In the above proof, we see four steps that will appear in all proofs by induction:

  1. Checking that the statement is true in the base case by substituting \(n=n_0\) into \(P(n)\) and checking to see if the resulting statement is true. This is typically the easiest step of the proof.

  2. Assuming that \(P(k)\) is true for some integer \(k \ge n_0\text{.}\)

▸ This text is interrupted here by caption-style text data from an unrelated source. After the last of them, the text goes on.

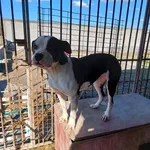 Rescued dog 112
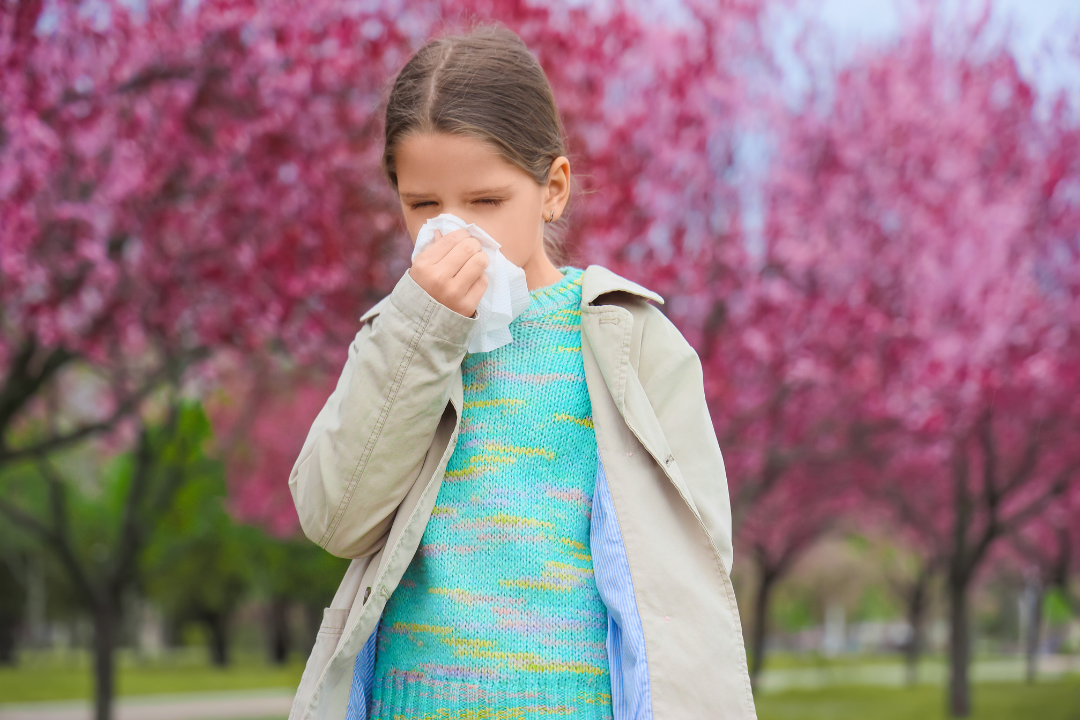 Une nouvelle voie d’activation impliquée dans l’asthme allergique lié aux acariens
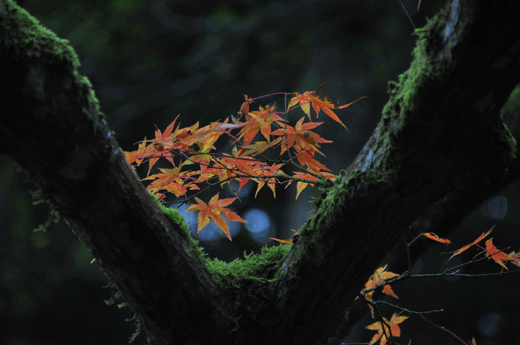 神宮寺Ⅱ_c0093046_7471955.gif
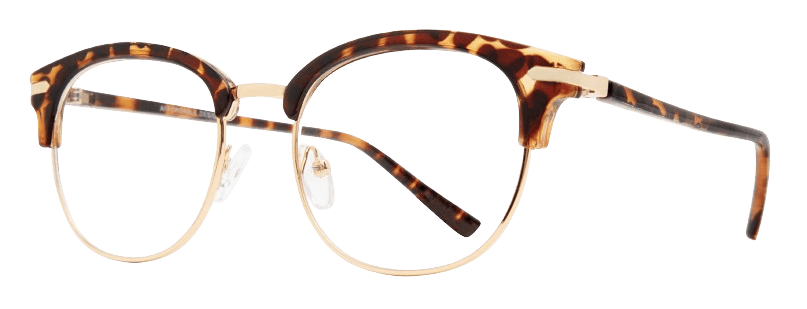 Tortoise Gold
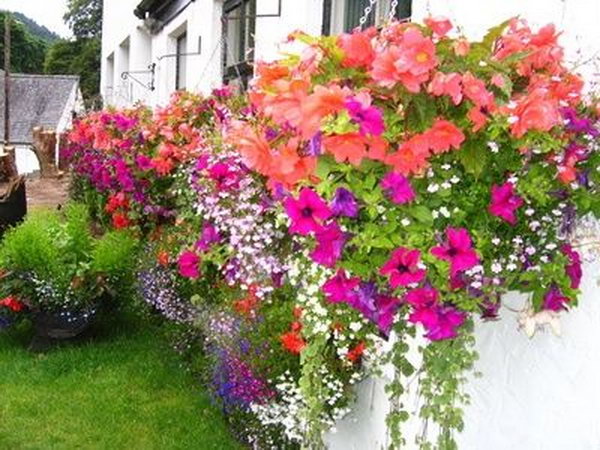 Window Boxes Out of Pallets.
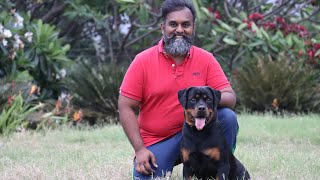 PODCAST WITH DHANU ROY XCELLSA ROTTWEILER DOG BREEDER [upl. by Benco633]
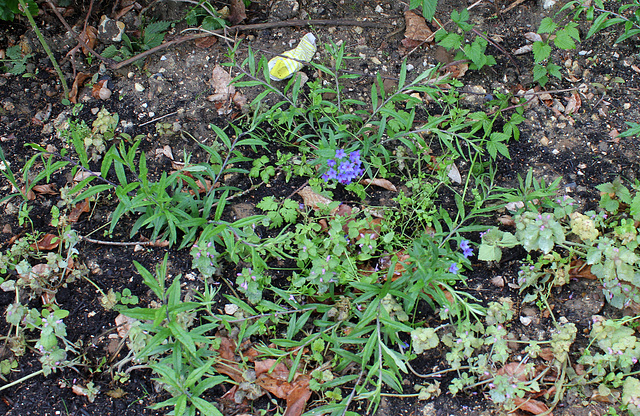 Saute qui peut - Jardin 4 -Lithospermum purpurocaeruleum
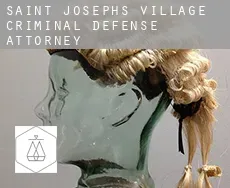 Saint Josephs Village  criminal defense attorney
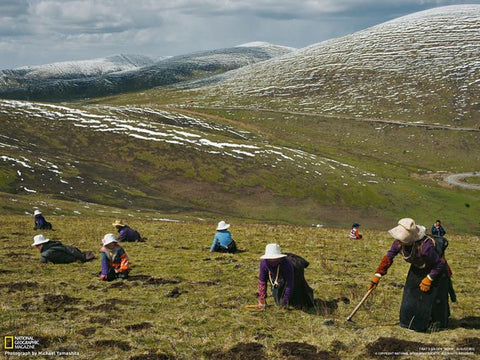 チベット高原で冬虫夏草を探す人々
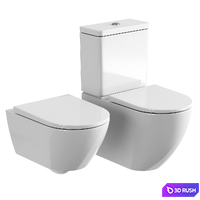 Toilet Duravit D-Neo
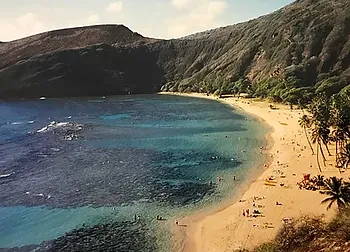 A sprawling aerial view of a beach in Hawaii. The ocean water is bright blue, the beach is filled with people, and palm trees are visible in the distance. A mountain is surrounding the beach and ocean, forming a cove.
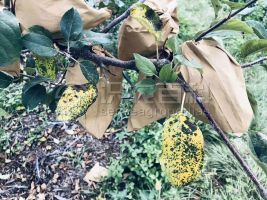 柑橘黄叶症状示例0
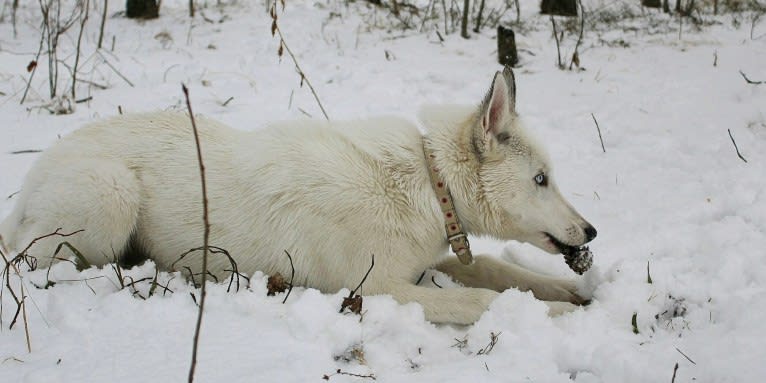 DEMON, a Siberian Husky and German Shepherd Dog mix tested with EmbarkVet.com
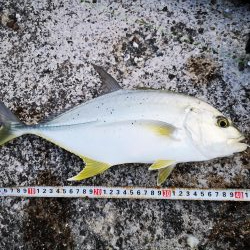 ジャックアイグロッキーでロウニンアジ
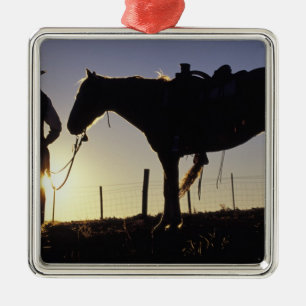 N.A., USA, Oregon, Seneca, Ponderosa Ranch, Metal Ornament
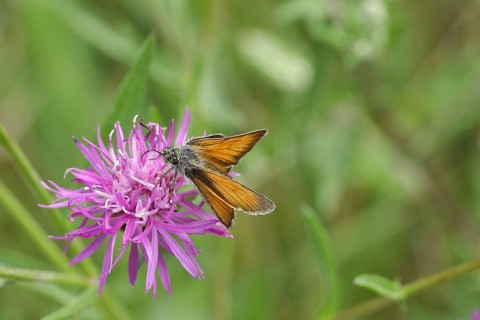 Large skipper (Ochlodes venatus), on flower of a brown knapweed (Centaurea jacea), Wilden, North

  3. Claiming that \(P(k+1)\) is true. Beware that this is not the same as assuming that \(P(k+1)\) is true, which would be logically invalid. By claiming \(P(k+1)\) ahead of time, we alert our reader to the conclusion of the proof, and allow them to get an idea of where we are headed. Plus, it helps us (the proof writer) know what we are looking for, which can make the next step easier.

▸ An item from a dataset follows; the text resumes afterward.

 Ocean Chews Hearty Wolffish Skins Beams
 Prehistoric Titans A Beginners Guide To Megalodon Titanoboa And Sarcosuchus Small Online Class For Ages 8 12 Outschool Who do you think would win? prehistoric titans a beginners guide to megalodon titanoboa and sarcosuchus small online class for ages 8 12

  4. Proving that \(P(k+1)\) is true by only assuming \(P(k)\text{.}\) The exact work here will depend on the context of the proof.

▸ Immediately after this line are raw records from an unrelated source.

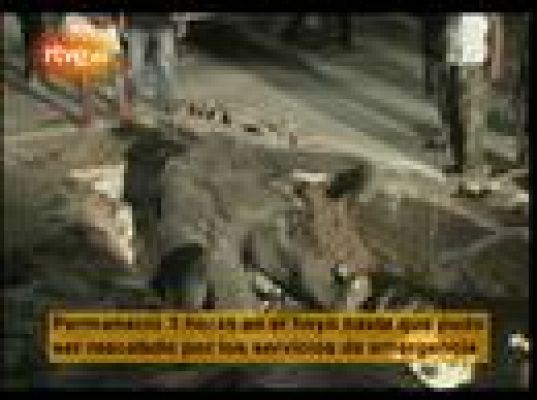  - Elefante atrapado en Tailandia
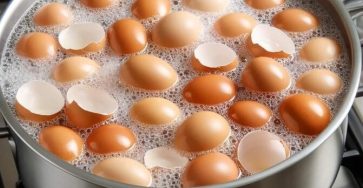 1f81aea36b4f043ad7 copy 758x416 6 1 taha 2 taha taha 2 185 1 159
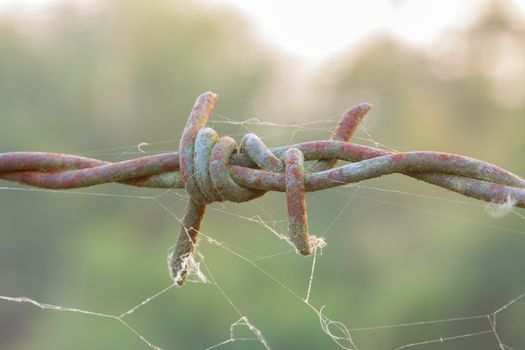 rusty barbed wire with spiderweb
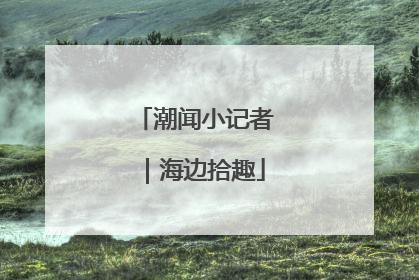 潮闻小记者｜海边拾趣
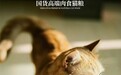 守护毛孩子舌尖上的安全，行业优等生弗列加特如何筑牢质检安全防线？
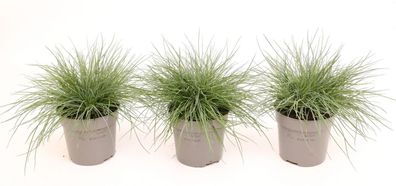 3x Festuca Eisvogel Blau Schwingel Ziergras winterhart Schaf Schwingel 20cm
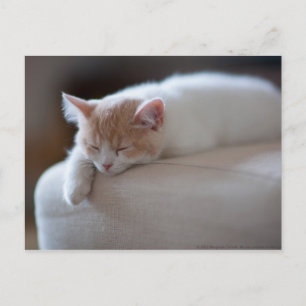 Tired Beige und White Kitten Postkarte
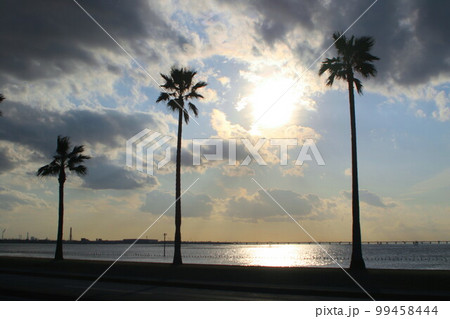 千葉フォルニア 千葉フォルニア 99458444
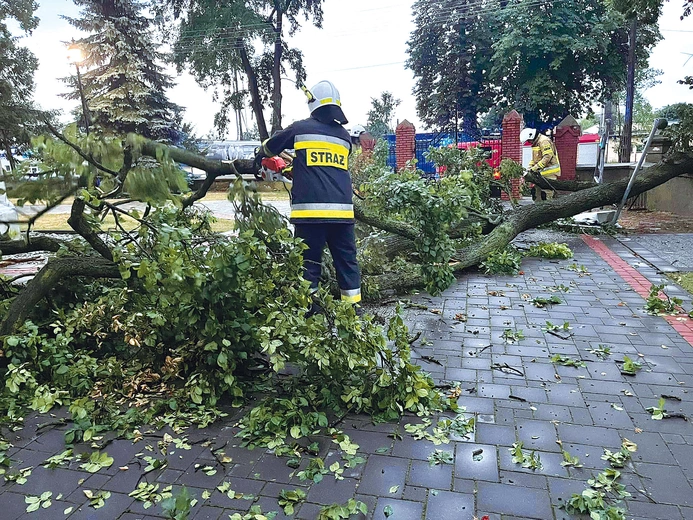 W parafii w Głuchowie strażacy usunęli powalone drzewo. Świątynia nie ucierpiała podczas nawałnicy.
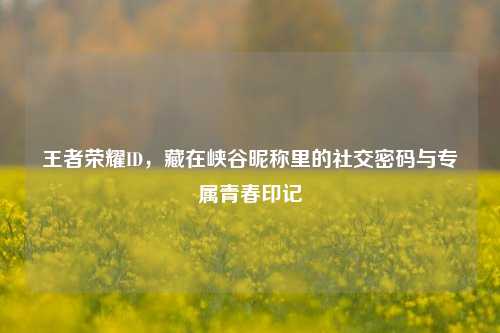 王者荣耀ID,藏在峡谷昵称里的社交密码与专属青春印记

Let's see another example.

Prove that

\begin{equation*} \sum_{j=1}^n (3j^2-3j+1) = n^3 \end{equation*}

for all \(n \ge 1\text{.}\)

Try to write the proof yourself first. At the very least, set up the “skeleton” of the proof even if you can't quite get the arithmetic right. Then, see the proof below and complete your proof.

As a hint, \((k+1)^3=k^3+3k^2+3k+1\text{.}\)

The statement is true in the base case where \(n=1\) because

\begin{equation*} \sum_{j=1}^1 (3j^2-3j+1) = 1 = 1^3 \end{equation*}

Next, assume there exists an integer \(k \ge 1\) where

\begin{equation*} \sum_{j=1}^k (3j^2-3j+1) = k^3 \end{equation*}

We aim to prove that

\begin{equation*} \sum_{j=1}^{k+1} (3j^2-3j+1) = (k+1)^3 \end{equation*}

Start by expanding the sum on the left according to our inductive hypothesis.

\begin{align*} \sum_{j=1}^{k+1} (3j^2-3j+1) \amp = \sum_{j=1}^k (3j^2-3j+1) + [3(k+1)^2 - 3(k+1) + 1]\\ \amp = k^3 + 3(k+1)^2 - 3(k+1) + 1\\ \amp = k^3 + 3k^2 + 6k + 3 - 3k - 3 + 1\\ \amp = k^3 + 3k^2 + 3k + 1\\ \amp = (k+1)^3 \end{align*}

as desired. Thus, by induction,

\begin{equation*} \sum_{j=1}^n (3j^2-3j+1) = n^3 \end{equation*}

for all integers \(n \ge 1\text{.}\)

In this example, our “factoring trick” doesn't work so we have to get our hands dirty expanding and simplifying the expression.